# Gonic Bullets



## jim_greene13778 (Sep 23, 2010)

I just wanted to let people know that I'm looking for a nice Gonic 50 cal rifle. I also want people to know that I have and am making bullets for the Gonic 50 cal rifles. They meet exact specs. set by Mr Rodney himself. Prices will vary depending on amount purchased, so call for pricein - I do have various grains also. I hope this helps everyone that loves the Gonic rifles as much as I do and fills the need for good amunition. You can email me at [email protected] - Thanks . . . . . . . . Jim.


----------



## rattus58 (Oct 8, 2011)

A number of years ago while hunting on Lanai I saw a gentleman with a walnut looking inline that I'd not seen before and went up to him to question him about his beautiful Muzzleloader. It was a 50 caliber Gonic. I talked to this gentleman for 20 minutes about muzzleloaders and such and was interested in that the Gonic shoots interesting bullets, as mine did too... A White .451.

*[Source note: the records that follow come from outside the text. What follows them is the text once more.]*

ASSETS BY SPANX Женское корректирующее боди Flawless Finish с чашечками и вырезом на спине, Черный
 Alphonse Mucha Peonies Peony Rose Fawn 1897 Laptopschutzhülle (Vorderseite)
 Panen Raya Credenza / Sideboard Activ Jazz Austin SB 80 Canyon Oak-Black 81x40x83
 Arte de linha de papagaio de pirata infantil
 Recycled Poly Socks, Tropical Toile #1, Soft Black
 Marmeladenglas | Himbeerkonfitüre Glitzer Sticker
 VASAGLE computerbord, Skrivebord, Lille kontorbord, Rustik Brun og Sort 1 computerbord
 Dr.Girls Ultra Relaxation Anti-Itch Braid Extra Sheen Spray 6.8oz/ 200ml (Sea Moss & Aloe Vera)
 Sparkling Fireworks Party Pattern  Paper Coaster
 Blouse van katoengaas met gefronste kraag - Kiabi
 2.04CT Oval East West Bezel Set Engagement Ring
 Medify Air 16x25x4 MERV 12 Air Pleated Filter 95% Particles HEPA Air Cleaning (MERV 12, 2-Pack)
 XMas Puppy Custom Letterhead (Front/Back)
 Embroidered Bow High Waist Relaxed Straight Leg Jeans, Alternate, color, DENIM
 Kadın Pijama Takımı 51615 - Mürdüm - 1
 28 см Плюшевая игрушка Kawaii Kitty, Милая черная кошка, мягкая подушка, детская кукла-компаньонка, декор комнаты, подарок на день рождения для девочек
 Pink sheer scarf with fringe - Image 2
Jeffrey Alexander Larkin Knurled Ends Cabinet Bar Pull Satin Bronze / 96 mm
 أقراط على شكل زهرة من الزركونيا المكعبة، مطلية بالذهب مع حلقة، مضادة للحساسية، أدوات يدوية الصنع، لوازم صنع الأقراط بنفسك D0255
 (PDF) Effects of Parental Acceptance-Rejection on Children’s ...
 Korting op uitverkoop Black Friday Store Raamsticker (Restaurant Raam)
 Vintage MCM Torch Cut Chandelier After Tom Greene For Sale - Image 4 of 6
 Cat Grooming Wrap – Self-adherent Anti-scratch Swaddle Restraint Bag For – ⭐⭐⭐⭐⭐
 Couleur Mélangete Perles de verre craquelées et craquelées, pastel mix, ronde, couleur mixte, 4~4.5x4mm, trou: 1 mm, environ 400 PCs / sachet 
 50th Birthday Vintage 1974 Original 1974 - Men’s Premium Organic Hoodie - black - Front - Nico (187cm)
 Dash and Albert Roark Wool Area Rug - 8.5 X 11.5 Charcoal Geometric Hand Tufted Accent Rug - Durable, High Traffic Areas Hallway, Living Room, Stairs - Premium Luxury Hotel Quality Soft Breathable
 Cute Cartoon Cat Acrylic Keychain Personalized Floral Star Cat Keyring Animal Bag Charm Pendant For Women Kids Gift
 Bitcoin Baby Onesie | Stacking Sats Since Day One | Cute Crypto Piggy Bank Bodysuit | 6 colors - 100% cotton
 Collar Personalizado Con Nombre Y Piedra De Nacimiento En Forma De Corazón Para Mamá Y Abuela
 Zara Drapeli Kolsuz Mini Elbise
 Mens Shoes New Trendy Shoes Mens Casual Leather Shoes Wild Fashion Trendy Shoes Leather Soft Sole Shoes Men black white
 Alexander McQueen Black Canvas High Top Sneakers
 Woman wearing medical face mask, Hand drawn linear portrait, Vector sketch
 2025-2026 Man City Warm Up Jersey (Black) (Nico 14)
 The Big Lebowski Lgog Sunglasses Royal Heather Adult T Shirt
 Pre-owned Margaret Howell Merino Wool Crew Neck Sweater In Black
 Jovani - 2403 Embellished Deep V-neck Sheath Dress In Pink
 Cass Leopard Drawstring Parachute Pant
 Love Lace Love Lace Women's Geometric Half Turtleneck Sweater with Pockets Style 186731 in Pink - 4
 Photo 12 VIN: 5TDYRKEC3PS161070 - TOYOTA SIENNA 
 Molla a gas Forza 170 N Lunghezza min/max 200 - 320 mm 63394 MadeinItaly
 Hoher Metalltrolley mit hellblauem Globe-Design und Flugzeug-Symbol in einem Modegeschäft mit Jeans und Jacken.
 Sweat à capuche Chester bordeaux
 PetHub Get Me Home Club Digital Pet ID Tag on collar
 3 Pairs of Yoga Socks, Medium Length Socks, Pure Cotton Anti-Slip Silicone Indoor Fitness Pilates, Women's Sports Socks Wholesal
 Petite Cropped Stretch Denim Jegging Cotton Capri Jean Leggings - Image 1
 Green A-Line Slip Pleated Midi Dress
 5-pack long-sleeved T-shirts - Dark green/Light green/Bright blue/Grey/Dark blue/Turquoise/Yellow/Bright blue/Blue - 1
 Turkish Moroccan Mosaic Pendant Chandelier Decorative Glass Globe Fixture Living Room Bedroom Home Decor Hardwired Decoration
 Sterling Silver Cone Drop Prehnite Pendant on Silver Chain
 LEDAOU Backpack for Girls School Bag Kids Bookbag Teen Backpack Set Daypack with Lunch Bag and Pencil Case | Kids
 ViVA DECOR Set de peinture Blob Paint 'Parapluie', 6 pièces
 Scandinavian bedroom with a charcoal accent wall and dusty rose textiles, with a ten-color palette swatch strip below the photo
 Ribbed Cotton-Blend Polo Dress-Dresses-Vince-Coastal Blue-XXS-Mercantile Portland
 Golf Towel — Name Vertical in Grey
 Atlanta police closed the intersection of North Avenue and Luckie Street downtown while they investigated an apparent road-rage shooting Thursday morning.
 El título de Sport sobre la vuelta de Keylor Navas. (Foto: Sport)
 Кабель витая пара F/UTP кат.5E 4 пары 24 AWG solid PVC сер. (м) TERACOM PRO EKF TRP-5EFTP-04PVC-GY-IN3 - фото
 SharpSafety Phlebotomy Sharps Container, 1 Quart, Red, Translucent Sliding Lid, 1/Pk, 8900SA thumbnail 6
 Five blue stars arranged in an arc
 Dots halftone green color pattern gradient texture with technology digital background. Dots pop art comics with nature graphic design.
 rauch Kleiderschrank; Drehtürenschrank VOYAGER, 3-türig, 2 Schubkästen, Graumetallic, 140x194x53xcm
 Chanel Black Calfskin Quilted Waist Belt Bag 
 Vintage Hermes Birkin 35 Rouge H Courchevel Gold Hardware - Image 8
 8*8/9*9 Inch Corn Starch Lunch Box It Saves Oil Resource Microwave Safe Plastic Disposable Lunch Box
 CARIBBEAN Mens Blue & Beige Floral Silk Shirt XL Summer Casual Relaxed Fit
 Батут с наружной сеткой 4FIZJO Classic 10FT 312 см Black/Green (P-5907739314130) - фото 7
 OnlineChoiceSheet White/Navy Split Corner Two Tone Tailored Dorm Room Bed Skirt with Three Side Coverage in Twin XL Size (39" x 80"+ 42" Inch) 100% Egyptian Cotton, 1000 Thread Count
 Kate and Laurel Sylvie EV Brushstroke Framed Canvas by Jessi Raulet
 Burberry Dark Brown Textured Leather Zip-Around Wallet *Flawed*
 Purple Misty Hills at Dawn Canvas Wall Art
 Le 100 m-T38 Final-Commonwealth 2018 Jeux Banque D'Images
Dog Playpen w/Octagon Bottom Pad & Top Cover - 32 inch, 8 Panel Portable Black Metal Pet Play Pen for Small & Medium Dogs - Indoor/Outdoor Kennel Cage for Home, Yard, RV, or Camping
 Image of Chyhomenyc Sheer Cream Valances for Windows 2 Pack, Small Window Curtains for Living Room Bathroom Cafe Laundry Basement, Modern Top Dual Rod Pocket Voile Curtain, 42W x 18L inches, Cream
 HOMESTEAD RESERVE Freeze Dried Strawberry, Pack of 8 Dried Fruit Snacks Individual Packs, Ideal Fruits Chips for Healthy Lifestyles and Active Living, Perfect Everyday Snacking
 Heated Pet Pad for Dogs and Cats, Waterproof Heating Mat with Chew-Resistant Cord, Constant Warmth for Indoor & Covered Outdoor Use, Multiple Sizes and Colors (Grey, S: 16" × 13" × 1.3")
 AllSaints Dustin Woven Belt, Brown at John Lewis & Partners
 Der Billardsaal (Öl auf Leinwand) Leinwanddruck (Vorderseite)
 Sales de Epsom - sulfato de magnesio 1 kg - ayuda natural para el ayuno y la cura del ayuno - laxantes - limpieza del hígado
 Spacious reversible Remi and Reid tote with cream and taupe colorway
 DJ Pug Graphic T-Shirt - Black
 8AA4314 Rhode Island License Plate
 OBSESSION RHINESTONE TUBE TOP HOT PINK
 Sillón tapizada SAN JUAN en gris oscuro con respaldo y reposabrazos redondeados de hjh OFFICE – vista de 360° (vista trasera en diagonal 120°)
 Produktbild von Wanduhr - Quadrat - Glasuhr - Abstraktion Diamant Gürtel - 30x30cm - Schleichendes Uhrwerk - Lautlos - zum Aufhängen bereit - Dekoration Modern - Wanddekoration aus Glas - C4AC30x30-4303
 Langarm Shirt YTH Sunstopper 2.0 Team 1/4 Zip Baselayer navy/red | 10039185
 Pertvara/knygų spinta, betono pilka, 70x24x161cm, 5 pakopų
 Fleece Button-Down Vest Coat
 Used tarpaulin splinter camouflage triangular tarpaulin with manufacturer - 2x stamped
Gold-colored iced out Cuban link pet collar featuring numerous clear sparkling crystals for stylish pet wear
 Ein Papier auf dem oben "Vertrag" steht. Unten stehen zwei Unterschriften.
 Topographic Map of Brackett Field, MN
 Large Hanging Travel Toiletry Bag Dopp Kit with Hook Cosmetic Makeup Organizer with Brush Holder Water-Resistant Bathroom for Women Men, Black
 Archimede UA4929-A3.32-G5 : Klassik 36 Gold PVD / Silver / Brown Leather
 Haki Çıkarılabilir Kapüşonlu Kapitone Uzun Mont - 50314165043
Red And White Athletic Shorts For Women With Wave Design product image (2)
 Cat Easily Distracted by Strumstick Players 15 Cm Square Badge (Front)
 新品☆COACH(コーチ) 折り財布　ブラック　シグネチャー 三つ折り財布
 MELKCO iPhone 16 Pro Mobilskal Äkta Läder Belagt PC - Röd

I think it a shame that Gonic left the scene, a very accurate rifle and the number of calibers that they had were mindboggling... and unique.... 30, 35, 36, .410 (which I have in the White as well) .45 and 50... I'm told...

In my opinion, one of the notables in muzzleloader rifles...

Aloha...


----------



## gemihur (Oct 29, 2015)

16" GA-90 in 45 cal with burly maple buttstock that I shaped


----------